By way of illustrating, complaining that your boss is a jerk to HR does not constitute EEO activity, and if your boss targets you for complaining that they are a jerk—it is not illegal before the EEOC. However, if you complain to HR that your boss is a jerk to you because of your age, then you engaged in EEO activity.
What is Harassment/Hostile Work Environment?
The one exception to the interchangeability of the above terms is hostile work environment and harassment, which refer to the same type of illegal conduct. When an employer unlawfully harasses an employee, they create a hostile work environment. Like discrimination and retaliation, the only type of harassment or a hostile work environment that is illegal is when the employer subjects the employee to harassment because they belong to a certain protected class.

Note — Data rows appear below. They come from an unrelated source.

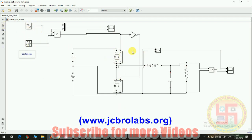I hope you understand how to design this sine wave inverter and how to choose the filter values. If you have any doubt or suggestion, please comment below. We also provide online training, technical assignment help, and freelance projects in data science, Python, machine learning, and embedded systems. Contact us at www.jcbrolabs.org or info@jcbrolabs.org. Thank you.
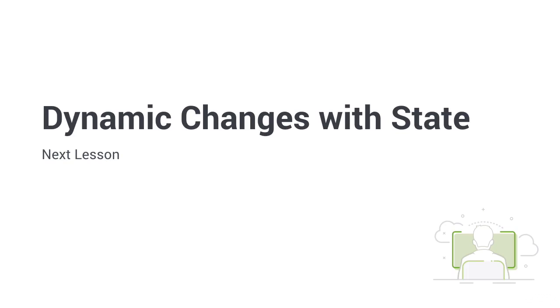Now that we have a good-looking static app, we have to make it more dynamic. To account for changing data in React Native, we are going to talk about state in the next lesson. See you there!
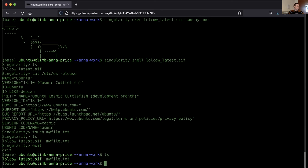This time, if we create a file with touch myfile.txt inside the container and then exit, the file persists in our current directory on the host. This bind mount of the home directory is a very useful feature of Singularity for interacting with files, making it a bit easier than Docker where you have to use volumes.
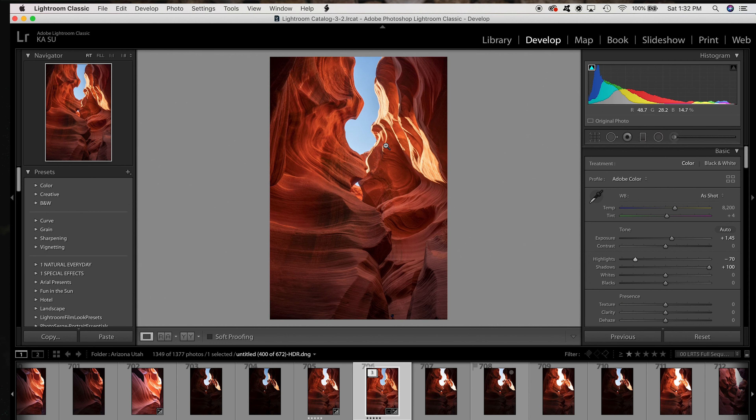Cameras have different dynamic ranges — the Sony I'm using has 15 stops. Some cameras have slightly more and some quite a bit less depending on the age of your camera, so you may need to do HDR in situations where I wouldn't. That said, HDR is sometimes overused — there are cases where you just don't need it.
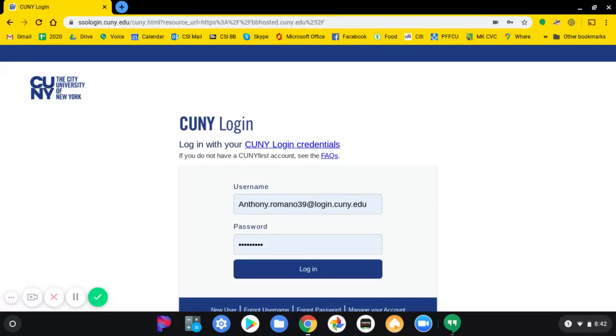Okay, we're doing Excel Lab 2. So the first thing that you should do, sign in.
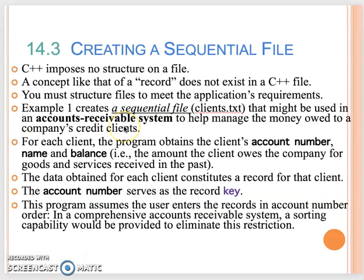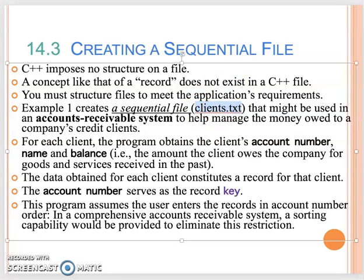In the next video we will start talking about how to process the sequential file — usually we call that the text file.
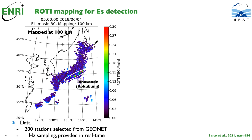We use 1Hz sample data from 200 selected GEONET stations from which real-time data are available. We can see a clear frontal structure when mapped at 100 km altitude,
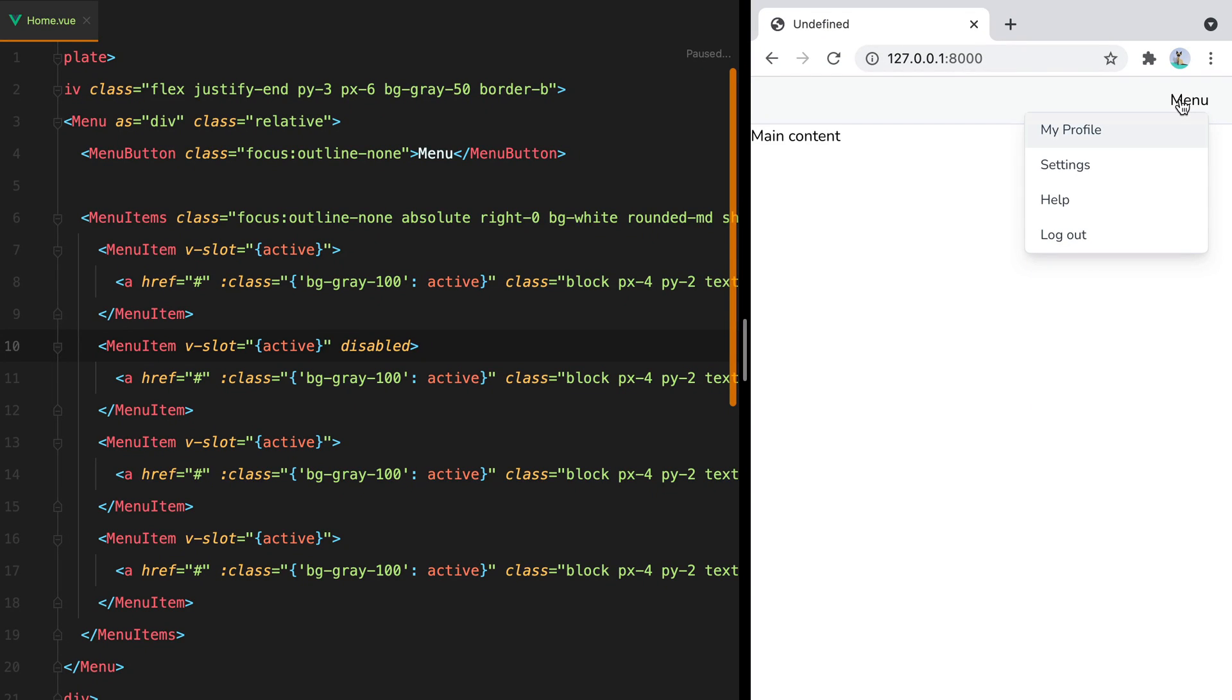So if I press down once, I will go to My Profile, but if I press down again, it will skip directly to the Help menu item.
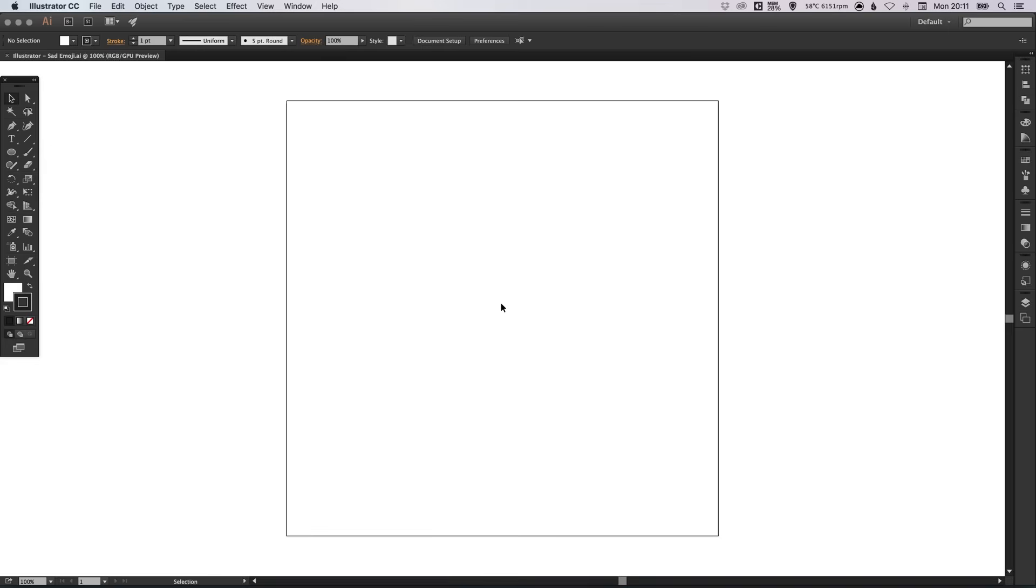In this tutorial, we're going to be taking a look at how to draw the sad Facebook emoji in Adobe Illustrator.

In determining whether the harassment creates a hostile work environment, the EEOC considers the frequency of the alleged harassing conduct, its severity, whether it is physically threatening or humiliating, and if it unreasonably interferes with an employee's work performance. Generally, a singular harassing event will not create a hostile work environment. Most hostile work environments contain several to many incidents of harassment. Examples of common harassing behaviors include, curt and/or belittling communication, micromanagement, nit picking, rude comments, unwanted sexual advances, aggressive posturing (finger pointing, slamming tables), threatening job security.
To successfully advance a hostile work environment it is important to demonstrate that the harassment impacts the employee’s ability to succeed in their and that leadership was aware of the harassment or should have reasonably known about it.
You can raise a timely EEO complaint about harassment (hostile work environment) so long as you make EEO contact within at least 45 days of at least one incident of the hostile work environment. So say you were subjected to harassment over a period of two years beginning in 2020 and continuing to December 2022. If you made EEO counselor contact in December 2022, then you timely raised a hostile work environment complaint, and all harassing incidents from 2020 to now are included.